A recent federal case involving a towing company may signal an initiative by federal agencies and prosecutors to use the Clean Water Act against vessel owners and operators, commercial and recreational, in novel ways.

A Federal appeals court, in U.S. vs. M/G Transport Services Inc., reinstated the convictions of an inland towing company, a company officer, and two boat captains for criminally violating the act. The defendants were convicted of dumping the ashes and wastes from burn barrels without obtaining a National Pollutant Discharge Elimination System (NPDES) permit, which is required for discharges of pollutants into navigable waters.It is surprising that the defendants were charged under the Clean Water Act rather than under the Act to Prevent Pollution from Ships (APPS), under which discharges of garbage into navigable waters is prohibited.

There are also other signs of an initiative involving the CWA. For instance, the Environmental Protection Agency recently indicated it is considering regulation of ballast-water discharges through NPDES permits to control the introduction of non-indigenous species, despite the fact that the U.S. Coast Guard currently regulates such discharges under separate statutory authority.

The consequences of enforcing CWA regulations requiring discharge permits for ships are severe because criminal charges can be brought under the act on negligence alone, and the administrative burdens are heavy.

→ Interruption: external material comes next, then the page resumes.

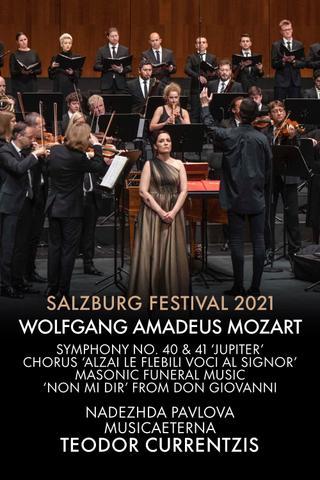 Salzburg Festival 2021: Currentzis conducts Mozart poster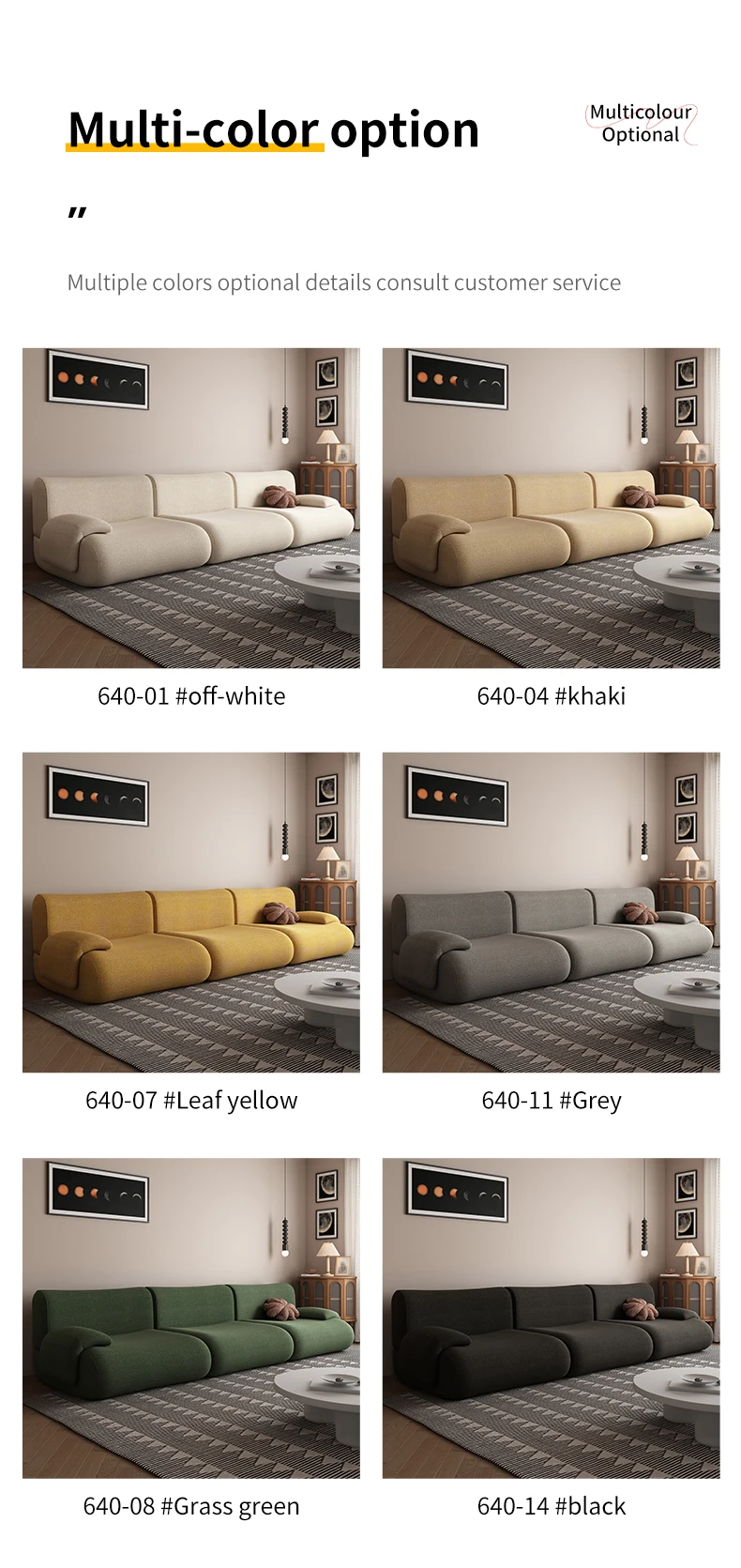 Convertible Sectional Sofa Bed Fabric Sponge Filled Apartment Use L-Shaped Frameless Boneless Compression Sofa Foldable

In M/G Transport, the court assumed that ships could obtain NPDES permits. However, to date, the EPA and states have issued permits to vessels only in special cases such as seafood-processing ships. Requiring commercial and other vessels to obtain an NPDES permit from each jurisdiction through which they navigate imposes a tremendous burden on both vessel operators and the permitting agencies. There is a better way.

Under the EPA's regulations, no NPDES permit is required for any discharge incidental to the normal operation of a vessel. This exclusion does not apply to rubbish, trash, or garbage. Discharges of these types of pollutants are already prohibited under Coast Guard regulations implementing APPS.

But what discharges are incidental to the normal operation of a vessel? The phrase is not defined in the regulations, and no examples are given. The EPA recently provided some clues in regulations issued under the Uniform National Discharge Standards (UNDS) program.

In 1996, Congress amended the CWA to address incidental discharges from vessels of the armed forces. Incidental discharges, like those from other vessels, were excluded from the permitting requirements of the CWA, but were still subject to varying state regulation. Recognizing the burden this would impose, Congress directed the EPA and the Department of Defense to develop a program to exempt these discharges from state control. The first step was to identify discharges incidental to normal operation.

On May 10, the EPA and the defense department issued a final rule identifying 39 discharges as incidental to the normal operation of armed-forces vessels. Notably, discharges of clean and dirty ballast were considered incidental discharges.

The impact of this upon the EPA's ability to require NPDES permits for ballast-water discharges from commercial ships is unclear. But several conclusions can be drawn from the discharges identified, and from the rule's supporting documentation.

First, vessel waste streams may qualify as incidental to normal operations even though they are unique to a specific vessel or type of vessel (for example, compensated fuel ballast discharges). Second, a waste stream may be excluded even though it is related to a special function of the ship (for example, catapult-related waste streams from aircraft carriers). Third, the waste stream need not be associated with the propulsion or mechanical functioning of the ship (for example, water discharged from photographic laboratory drains).

The rule also indicates that incidental discharges can contain a variety of pollutants. The rule's supporting documents mentioned many different pollutants present in the discharges identified. Those pollutants included, among others, acids, cleaning agents, glycols, hydrazine, metals, nitrogen, paint and paint chips, residual chlorine, salts, solvents, and volatile and semi-volatile compounds.

Unfortunately, without regulations or guidelines, vessel operators who try to apply these principles run the risk that the EPA or the Department of Justice will disagree whether a particular discharge is incidental to normal operations.

Now that the groundwork has been laid under the UNDS regulations, the EPA should specify what discharges are considered incidental to the normal operation of non-military vessels to at least clarify federal requirements. While protection from state regulations requires additional legislation, the UNDS program shows that a national approach is possible.

As the M/G Transport decision indicates, the stakes for commercial and recreational vessel owners and operators are high, and they deserve clear guidance on this important issue.